James, who will become CEO on May 1, said the company will focus on driving revenue growth by building and bringing to market “consumer-centric” brands – including more low- and no-sugar options and drinks in emerging categories – and prioritising beverage transactions and value share over sales volume as it has in years past. This new strategy will be powered by a leaner operating model and a digitized business enterprise, he added.
Here are key takeaways from Quincey’s presentation:
The company is taking added sugar out of its drinks across the portfolio by reformulating existing beverages while preserving the taste consumers love, and by rolling out Coca-Cola Zero Sugar and other low-/no-sugar brands globally. Expanding availability of smaller packages like mini cans is another top priority.
“We’ve been very clear that for us to drive sustainable, profitable growth of our brands, we also need to encourage and enable our consumers to control added sugar consumption. We are making a very conscious effort to not just expand our portfolio, but to shape our portfolio in a very deliberate way,” James said.
James said the company supports the World Health Organization (WHO) and other public health bodies’ recommendations to keep added sugars under 10 percent of daily caloric intake and sees “exponential” growth opportunity within these recommendations.

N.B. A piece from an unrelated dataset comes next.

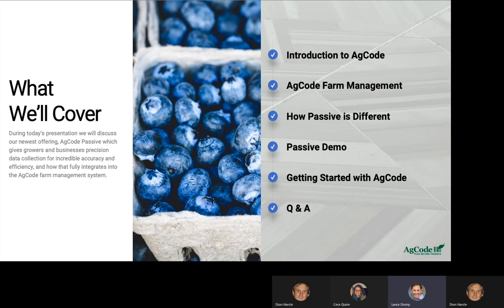What we're going to cover today: first, we're going to introduce you to AgCode and what AgCode has been doing in the industry for nearly 20 years, and the product that is our core — our farm information management platform. Then we'll transition into the meat of our presentation: what is Passive, how is it different from what's available in the marketplace, and how you can get started to improve your operation with better accuracy and efficiency.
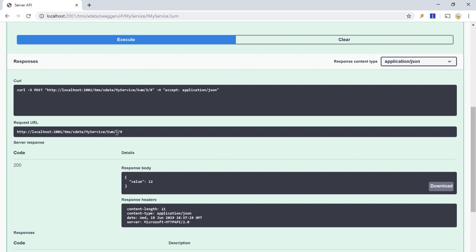So those are the three different parameter bindings that you can choose as you want, as you wish, to properly build the endpoint and how you receive the parameters. If you are using Xdata client or Xdata web client for TMS WebCore, you don't have to worry about how to request, how to perform the request. The client will do that for you.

“The Coca-Cola Company has grown to be bigger than brand Coca-Cola,” James said. “The brand Coca-Cola will always be the heart and soul of The Coca-ColaCompany, but the company has outgrown its core brand. The company needs to be bigger than our core brand.”
Coke will broaden its portfolio in five category clusters including sparkling, energy, dairy/juice/plant-based, water/enhanced water/sports drinks, and ready-to-drink coffee and teas.
“We have perhaps in the past spent more time focused on the next-largest categories, volumetrically, rather than those most on trend with consumers and that are of the greatest value to us,” James said.
The company will continue to innovate locally, he added, noting that approximately 75 percent of the company’s billion-dollar brands were created in the field. “We absolutely see the likely trajectory is accelerating our own innovation and scaling brands that are working, such as smartwater or Honest Tea,” he explained, “but also continuing to invest in smaller companies and make acquisitions to bring more billion-dollar brands into the pipeline.”
“The end is in sight,” James said of efforts to sell company-owned bottling operations around the world. “But refranchising is not an end in and of itself. It’s an enabler of greater execution. Better marketing and better execution leads to faster revenue growth.”
Key to driving this new strategy forward, James said, will be a more agile operating structure that drives quick action in the marketplace. “We will adopt more of a tech company modus operandi rather than inventing the perfect thing and taking a long time doing it. We need to get out there faster and take more risks.”
He concluded, “The net result is intended to drive the growth strategy – to grow the top line and improve our operating margin.”